DS0401 - Etude des systèmes biologiques, de leur dynamique, des interactions et inter-conversions au niveau moléculaire

Analyse unicellulaire des cellules dendritiques plasmacytoïdes pour identifier les mécanismes moléculaires expliquant l’hétérogénéité de leurs capacités individuelles de production des interférons de type I – SCAPIN

Analyse au niveau cellule unique des cellules dendritiques plasmacytoïdes afin de comprendre leur hétérogénéité pour la production des interférons de type I et III

Différents types cellulaires exercent des fonctions distinctes. Chaque type cellulaire est aussi hétérogène sans qu’on en comprenne la signification biologique. L'hétérogénéité intra-type au repos pourrait permettre des réponses plastiques aux stimuli. Nous testerons cette hypothèse en déterminant si et comment l'hétérogénéité intra-type au repos est liée à celle sous activation. Nous exploiterons aussi cette hétérogénéité pour mieux comprendre le contrôle moléculaire des fonctions cellulaires.

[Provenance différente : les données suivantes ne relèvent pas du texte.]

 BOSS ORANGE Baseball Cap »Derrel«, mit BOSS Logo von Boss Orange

Comprendre les mécanismes qui contrôlent la production des interférons de type I et III par les cellules dendritiques plasmacytoïdes afin d’apprendre à la manipuler au bénéfice des patients.

Notre capacité à nous défendre contre les infections et le cancer repose sur la coordination de nos réponses immunitaires, orchestrée en grande partie par des cytokines en particulier les interférons de type I et III (IFN). Un exemple frappant du processus biologique étudié est la production d’énormes quantités d’IFN par seulement une fraction mineure (<10%) des cellules professionnelles productrices de ces cytokines, les cellules dendritiques plasmacytoïdes (pDC). L’inhibition de cette fonction accroit la susceptibilité à des virus ou aux cancers. Son activation inappropriée cause des maladies auto-immunes/inflammatoires. Comprendre les mécanismes contrôlant cette fonction a donc des implications médicales majeures. Notre objectif est donc de caractériser l’hétérogénéité des pDC pour comprendre les mécanismes qui contrôlent leur production d’IFN.

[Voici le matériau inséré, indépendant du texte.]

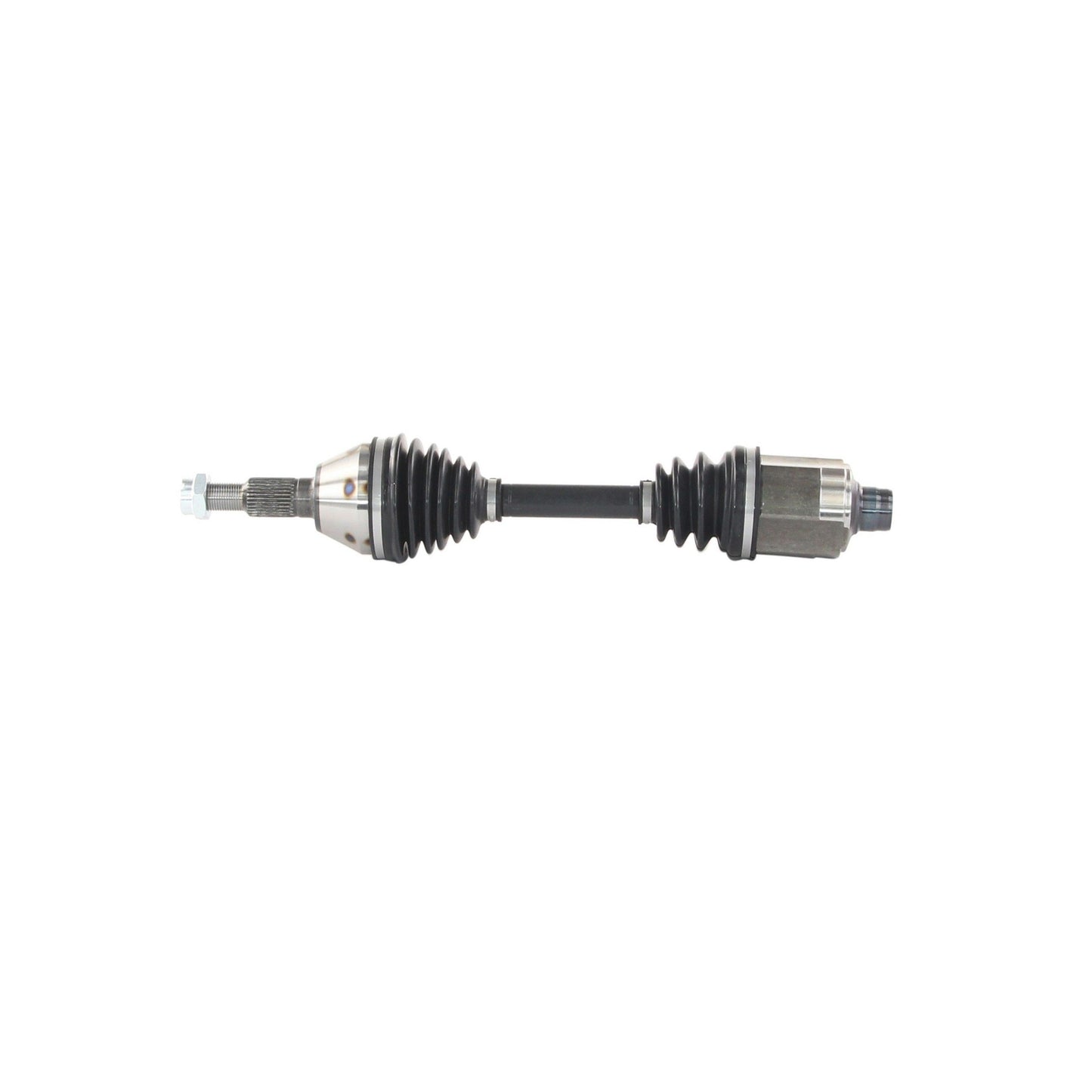 TrakMotive CV Axle Shaft GM-8048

Nous utiliserons une stratégie de biologie des systèmes pour identifier les mécanismes contrôlant la production d’IFN par les pDC, y compris en testant si, et comment, elle est en partie déterminée par leur hétérogénéité à l'état basal. Spécifiquement, nous caractériserons le programme d’expression génétique des pDC au repos ou activées sur des sous-populations bien identifiées et par RNA-seq sur cellule unique. Nous tirerons de l’analyse de ces données de nouvelles hypothèses qui seront ensuite testées en combinant des analyses protéomiques ciblées en utilisant la cytométrie de masse et des lignées de souris mutantes. Des méthodes bioinformatiques innovantes seront utilisées pour analyser l’ensemble des données d’Omics obtenues et pour générer un modèle mathématique des voies de signalisation dans les pDC. Ce modèle sera passé au crible expérimental pour valider de nouvelles cibles thérapeutiques.

L’analyse des données de single cell RNA-seq a mis en évidence des modules de gènes dont l'expression est exclusive et qui pourraient caractériser des phases successives d'activation des pDC. Afin de réaliser un fort enrichissement des pDC productrices d’IFN aux différents stades de leur activation, nous avons défini une stratégie basée sur l’utilisation combinée de l’EYFP et de nouveaux marqueurs de surface identifiés par sc-RNAseq et validés par FACS.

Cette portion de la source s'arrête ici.